We have a panel of solicitors that we can recommend including QualitySolicitors Amphlet Lissimore and Smart Legal, because we know they work for you in a fast and efficient manner to get the conveyancing carried out as quickly as possible, so your sale can proceed.

They also provide regular timely updates of the process to keep you fully informed throughout. We know this is reassuring to our buyers and sellers.

Find out more about our panel of recommended solicitors.

How long does buying a property take to complete?

It usually takes around six to twelve weeks from the date of your offer being accepted to getting all the queries answered and the paperwork completed, even if there is no chain.

What you can do to speed up the buying process?

Supply the following information to the solicitors as soon as possible

  • Details of  your mortgage lender
  • The seller’s details
  • Your proof of your ID and address
  • Any specific questions you would like them to ask the sellers.
  • Make sure you complete mortgage application forms and respond to solicitors’ queries as soon as possible.
  • Use emails where you can and use registered post or deliver documents by hand to save time.
  • Ask questions if there is anything you don’t understand.

What’s next?

The final stages of a house purchase are the exchange of contracts and completion.

Exchange of contracts is when copies of signed contracts are exchanged between the buyer’s solicitor and the seller’s solicitor.

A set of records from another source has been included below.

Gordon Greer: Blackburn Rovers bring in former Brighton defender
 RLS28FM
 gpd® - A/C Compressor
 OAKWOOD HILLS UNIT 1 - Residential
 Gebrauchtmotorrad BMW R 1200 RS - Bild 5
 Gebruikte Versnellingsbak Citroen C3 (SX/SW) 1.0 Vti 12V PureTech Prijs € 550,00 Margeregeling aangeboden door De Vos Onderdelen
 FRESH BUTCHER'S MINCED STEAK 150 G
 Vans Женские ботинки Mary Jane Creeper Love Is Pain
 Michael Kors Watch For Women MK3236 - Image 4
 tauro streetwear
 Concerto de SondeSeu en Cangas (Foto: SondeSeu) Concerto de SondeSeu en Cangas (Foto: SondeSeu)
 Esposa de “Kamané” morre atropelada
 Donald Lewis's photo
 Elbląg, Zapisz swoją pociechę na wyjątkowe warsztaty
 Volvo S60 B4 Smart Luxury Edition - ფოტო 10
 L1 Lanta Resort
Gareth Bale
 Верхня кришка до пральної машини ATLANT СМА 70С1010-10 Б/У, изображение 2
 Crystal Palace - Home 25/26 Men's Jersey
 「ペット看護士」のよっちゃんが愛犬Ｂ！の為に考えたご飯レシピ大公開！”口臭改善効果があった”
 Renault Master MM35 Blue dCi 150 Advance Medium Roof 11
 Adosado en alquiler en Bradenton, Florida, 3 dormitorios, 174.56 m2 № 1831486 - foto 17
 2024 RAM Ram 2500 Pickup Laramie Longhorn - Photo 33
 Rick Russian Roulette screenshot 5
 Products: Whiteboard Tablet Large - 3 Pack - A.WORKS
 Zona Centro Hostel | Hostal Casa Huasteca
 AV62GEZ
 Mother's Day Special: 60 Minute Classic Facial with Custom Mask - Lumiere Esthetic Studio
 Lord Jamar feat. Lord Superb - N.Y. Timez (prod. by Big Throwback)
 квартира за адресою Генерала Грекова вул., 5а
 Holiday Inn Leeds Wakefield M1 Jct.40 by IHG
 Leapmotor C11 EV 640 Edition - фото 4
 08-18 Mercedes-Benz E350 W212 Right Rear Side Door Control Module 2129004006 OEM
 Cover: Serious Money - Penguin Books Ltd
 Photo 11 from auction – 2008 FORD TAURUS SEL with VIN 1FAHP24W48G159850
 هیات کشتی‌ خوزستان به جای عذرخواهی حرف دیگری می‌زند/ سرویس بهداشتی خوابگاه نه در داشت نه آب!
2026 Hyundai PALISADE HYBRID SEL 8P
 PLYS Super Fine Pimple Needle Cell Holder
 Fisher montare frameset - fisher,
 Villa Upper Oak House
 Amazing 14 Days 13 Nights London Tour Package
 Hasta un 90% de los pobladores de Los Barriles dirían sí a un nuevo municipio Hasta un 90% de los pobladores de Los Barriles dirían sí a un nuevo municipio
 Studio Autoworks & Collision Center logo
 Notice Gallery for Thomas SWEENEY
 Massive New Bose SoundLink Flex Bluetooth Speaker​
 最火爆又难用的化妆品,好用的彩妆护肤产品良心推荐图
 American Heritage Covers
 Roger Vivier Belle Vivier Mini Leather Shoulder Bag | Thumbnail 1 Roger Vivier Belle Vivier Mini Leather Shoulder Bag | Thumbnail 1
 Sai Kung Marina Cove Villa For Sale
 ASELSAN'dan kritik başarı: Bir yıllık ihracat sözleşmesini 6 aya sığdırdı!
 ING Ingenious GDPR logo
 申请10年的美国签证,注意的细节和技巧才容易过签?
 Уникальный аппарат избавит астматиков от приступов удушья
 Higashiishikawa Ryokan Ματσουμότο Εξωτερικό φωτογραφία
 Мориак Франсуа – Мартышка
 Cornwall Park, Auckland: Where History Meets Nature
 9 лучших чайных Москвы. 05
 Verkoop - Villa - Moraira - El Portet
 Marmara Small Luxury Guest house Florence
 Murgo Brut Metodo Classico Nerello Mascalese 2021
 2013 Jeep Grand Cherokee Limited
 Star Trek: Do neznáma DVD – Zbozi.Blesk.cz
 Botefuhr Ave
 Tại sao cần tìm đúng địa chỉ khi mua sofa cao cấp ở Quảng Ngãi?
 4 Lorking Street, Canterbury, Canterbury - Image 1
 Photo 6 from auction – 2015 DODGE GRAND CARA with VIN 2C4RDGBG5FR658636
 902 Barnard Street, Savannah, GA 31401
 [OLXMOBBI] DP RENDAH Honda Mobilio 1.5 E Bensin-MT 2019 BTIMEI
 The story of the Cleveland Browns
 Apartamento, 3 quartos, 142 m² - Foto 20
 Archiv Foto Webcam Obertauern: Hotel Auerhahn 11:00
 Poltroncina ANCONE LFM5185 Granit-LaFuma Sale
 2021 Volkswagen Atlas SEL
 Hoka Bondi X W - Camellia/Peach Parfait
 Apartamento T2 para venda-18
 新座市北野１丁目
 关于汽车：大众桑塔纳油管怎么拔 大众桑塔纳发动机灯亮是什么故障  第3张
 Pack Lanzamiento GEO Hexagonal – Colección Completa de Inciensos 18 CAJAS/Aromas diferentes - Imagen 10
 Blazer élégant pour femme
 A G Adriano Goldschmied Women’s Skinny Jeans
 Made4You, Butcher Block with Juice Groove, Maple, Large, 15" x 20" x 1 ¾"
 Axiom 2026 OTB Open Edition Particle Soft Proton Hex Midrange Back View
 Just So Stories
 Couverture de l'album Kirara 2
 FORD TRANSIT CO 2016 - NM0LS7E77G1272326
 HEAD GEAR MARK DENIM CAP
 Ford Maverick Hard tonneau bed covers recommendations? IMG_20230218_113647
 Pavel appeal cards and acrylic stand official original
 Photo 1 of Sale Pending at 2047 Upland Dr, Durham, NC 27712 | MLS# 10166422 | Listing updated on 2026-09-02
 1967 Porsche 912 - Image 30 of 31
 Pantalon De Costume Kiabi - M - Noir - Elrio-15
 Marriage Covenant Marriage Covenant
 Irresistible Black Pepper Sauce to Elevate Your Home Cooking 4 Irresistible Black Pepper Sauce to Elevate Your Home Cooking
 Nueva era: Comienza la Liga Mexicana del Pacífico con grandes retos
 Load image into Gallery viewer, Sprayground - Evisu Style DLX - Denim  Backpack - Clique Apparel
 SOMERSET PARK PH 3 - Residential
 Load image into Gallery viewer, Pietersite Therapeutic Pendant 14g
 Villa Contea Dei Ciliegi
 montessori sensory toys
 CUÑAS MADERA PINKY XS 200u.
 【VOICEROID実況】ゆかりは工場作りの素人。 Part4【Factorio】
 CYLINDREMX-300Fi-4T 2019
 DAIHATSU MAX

At this point you will be asked to pay a deposit (between 5-10%).

This Exchange of Contracts is the last stage of the legal process after which you cannot pull out without financial penalty (in England and Wales). If the buyer pulls out they will lose this deposit and may face legal action from the seller.

At the point of exchange the property becomes your responsibility and you will need to have buildings insurance in place.

Exchange and completion can be carried out at the same time, but often there is a delay between exchange and completion of around a couple of weeks, although the date for completion will be set at the point of exchange.

When the property completes your solicitor will ring you to confirm you can collect the keys. They will also send you a completion statement detailing what money has been paid and to who.